LOD and reportable range for each analyte for the on- and off-line SPE methods. The LOD and reportable range were based upon the n=10 runs for both methods. The lower range was determined by the lowest calibrator with precision and accuracy within 25%, and the upper range was determined by the highest calibrator that allowed for a linear calibration curve (R²=0.990).

	On-line LOD (ng/mL)	Off-line LOD (ng/mL)	On-line Reportable Range (ng/mL)	Off-line Reportable Range (ng/mL)
Norfentanyl	0.022	0.012	0.050-10	0.025-5.0
Norsufentanil	0.009	0.002	0.010-10	0.010-5.0
Norcarfentanil	0.041	0.007	0.050-10	0.025-10
Fentanyl	0.007	0.007	0.025-10	0.010-10
Sufentanil	0.003	0.004	0.010-10	0.010-10
Carfentanil	0.008	0.008	0.025-10	0.010-10
Lofentanil	0.008	0.028	0.025-10	0.050-10
Alfentanil	0.015	0.006	0.050-10	0.010-10
α-methylfentanil	0.013	0.035	0.025-10	0.050-10
3-methylfentanil	0.029	0.020	0.025-10	0.050-10

A reference range of 60 random urine samples was analyzed to measure any endogenous interferences in the general population. Endogenous interfences can be derived from various sources, including diet, cosmetic products, or other environmental sources. For the 60 samples measured using both methods, no interferences were observed for any compound. This indicates that this method is selective for all fentanyl analogs and metabolites. Thus analysis of unknown urine samples should not result in false positives.

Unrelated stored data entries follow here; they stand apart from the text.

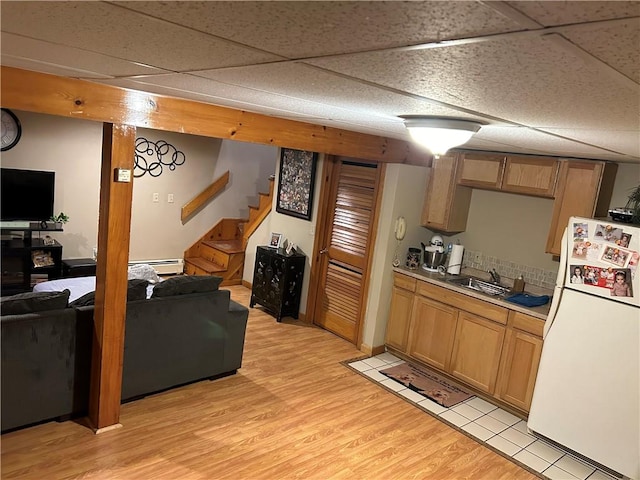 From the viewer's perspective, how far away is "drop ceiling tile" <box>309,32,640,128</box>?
0.86 m

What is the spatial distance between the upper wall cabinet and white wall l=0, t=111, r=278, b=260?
376cm

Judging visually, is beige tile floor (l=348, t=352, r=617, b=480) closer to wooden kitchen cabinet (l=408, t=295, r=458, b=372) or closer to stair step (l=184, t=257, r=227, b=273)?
wooden kitchen cabinet (l=408, t=295, r=458, b=372)

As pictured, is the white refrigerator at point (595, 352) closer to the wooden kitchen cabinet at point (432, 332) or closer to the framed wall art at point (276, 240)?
the wooden kitchen cabinet at point (432, 332)

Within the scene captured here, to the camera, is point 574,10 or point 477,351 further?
point 477,351

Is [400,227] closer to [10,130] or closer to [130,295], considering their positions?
[130,295]

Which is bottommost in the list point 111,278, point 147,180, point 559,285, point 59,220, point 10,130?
point 59,220

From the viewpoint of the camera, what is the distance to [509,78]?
1.06m

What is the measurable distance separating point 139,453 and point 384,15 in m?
3.09

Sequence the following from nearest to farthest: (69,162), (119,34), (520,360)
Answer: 1. (119,34)
2. (520,360)
3. (69,162)

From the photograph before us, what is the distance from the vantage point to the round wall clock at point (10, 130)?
17.6ft

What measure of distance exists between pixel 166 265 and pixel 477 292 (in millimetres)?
4361

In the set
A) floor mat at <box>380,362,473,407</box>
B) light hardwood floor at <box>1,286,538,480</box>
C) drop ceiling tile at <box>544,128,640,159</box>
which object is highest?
drop ceiling tile at <box>544,128,640,159</box>

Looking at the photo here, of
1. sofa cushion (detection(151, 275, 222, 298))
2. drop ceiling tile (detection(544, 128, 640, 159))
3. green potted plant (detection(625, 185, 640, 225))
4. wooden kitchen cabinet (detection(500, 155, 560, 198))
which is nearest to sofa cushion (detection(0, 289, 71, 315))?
sofa cushion (detection(151, 275, 222, 298))

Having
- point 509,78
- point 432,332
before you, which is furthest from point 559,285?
point 509,78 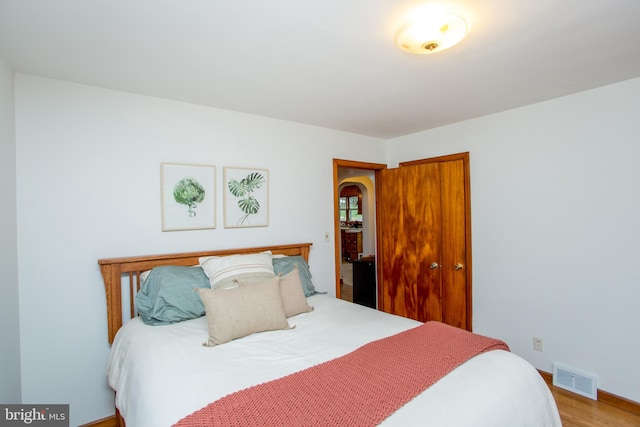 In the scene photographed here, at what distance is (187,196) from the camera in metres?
2.50

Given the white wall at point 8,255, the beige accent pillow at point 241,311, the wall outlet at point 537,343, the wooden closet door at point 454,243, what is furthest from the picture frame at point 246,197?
the wall outlet at point 537,343

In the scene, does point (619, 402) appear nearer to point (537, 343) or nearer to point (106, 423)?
point (537, 343)

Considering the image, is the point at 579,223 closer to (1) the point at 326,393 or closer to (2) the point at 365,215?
(1) the point at 326,393

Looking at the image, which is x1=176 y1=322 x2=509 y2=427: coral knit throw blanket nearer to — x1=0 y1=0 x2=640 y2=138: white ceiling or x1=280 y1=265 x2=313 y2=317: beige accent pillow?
x1=280 y1=265 x2=313 y2=317: beige accent pillow

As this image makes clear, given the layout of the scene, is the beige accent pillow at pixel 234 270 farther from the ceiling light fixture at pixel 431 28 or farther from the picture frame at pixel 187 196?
the ceiling light fixture at pixel 431 28

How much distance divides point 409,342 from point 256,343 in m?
0.85

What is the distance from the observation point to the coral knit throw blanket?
3.49 feet

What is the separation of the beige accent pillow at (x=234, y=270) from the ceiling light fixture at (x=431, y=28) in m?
1.76

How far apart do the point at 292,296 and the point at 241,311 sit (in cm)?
46

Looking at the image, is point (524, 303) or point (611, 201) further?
point (524, 303)

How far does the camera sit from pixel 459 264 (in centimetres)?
315

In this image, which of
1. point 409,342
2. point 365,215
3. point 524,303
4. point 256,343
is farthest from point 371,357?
point 365,215

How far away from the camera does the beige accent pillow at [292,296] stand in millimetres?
2172

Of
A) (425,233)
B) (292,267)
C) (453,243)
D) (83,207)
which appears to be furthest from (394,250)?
(83,207) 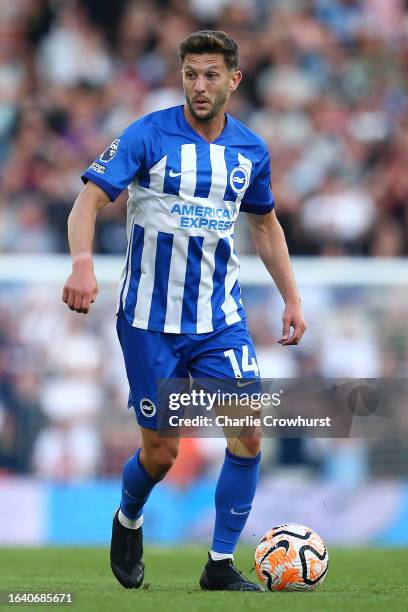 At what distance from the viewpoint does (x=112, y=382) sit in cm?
1048

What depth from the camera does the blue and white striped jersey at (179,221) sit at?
529 cm

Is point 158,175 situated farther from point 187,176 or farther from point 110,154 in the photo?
point 110,154

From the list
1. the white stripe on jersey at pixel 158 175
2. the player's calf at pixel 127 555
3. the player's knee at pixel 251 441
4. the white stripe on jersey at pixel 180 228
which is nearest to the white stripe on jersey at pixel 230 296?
the white stripe on jersey at pixel 180 228

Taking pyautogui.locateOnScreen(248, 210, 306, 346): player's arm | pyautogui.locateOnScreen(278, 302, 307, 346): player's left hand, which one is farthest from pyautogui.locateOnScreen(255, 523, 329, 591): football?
pyautogui.locateOnScreen(248, 210, 306, 346): player's arm

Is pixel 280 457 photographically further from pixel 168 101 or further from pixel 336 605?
pixel 336 605

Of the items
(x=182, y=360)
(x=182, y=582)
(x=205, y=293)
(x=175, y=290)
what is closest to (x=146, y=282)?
(x=175, y=290)

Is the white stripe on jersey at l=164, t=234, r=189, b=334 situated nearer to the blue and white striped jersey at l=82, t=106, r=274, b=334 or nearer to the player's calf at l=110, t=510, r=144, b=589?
the blue and white striped jersey at l=82, t=106, r=274, b=334

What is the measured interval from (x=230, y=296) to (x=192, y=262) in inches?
10.1

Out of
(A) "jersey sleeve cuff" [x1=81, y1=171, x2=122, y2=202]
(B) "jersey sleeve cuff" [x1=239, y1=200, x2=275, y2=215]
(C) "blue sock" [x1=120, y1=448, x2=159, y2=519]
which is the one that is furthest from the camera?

Two methods for automated SPE were developed and compared for the detection of fentanyl analogs and metabolites in urine. Both methods provided low detection limits and acceptable accuracy, while presenting some precision problems for select analytes for the on-line analysis. The development of both off- and on-line automated SPE methods allows an analyst to choose between high throughput for many samples and minimizing analyst interactions with the samples.

4. Conclusions

The on- and off-line SPE method comparison showed two effective methods for the detection of fentanyl analogs and metabolites in urine. Both methods had comparable LOD's, while the on-line method had a broader linear range, the off-line method provided overall better recoveries. Because therapeutic doses typically result in 0.8 ng/mL to 4 ng/mL of fentanyls in urine, both methods presented here have the sensitivity and selectivity necessary to assess low to moderate concentrations of fentanyl and its analogs in human urine. Therefore, the selection of either the on- or off-line SPE may be based on the desired compounds in addition to the availability of laboratory resources and technician expertise. In future studies, the selection of a more orthogonal chromatographic procedure to the solid phase extraction may improve the on-line extraction recovery, if additional sensitivity is desired. Both methods could be improved further by expanding the linear range, so high urinary concentrations resulting from toxic or fatal doses can be measured and assist with forensic diagnosis.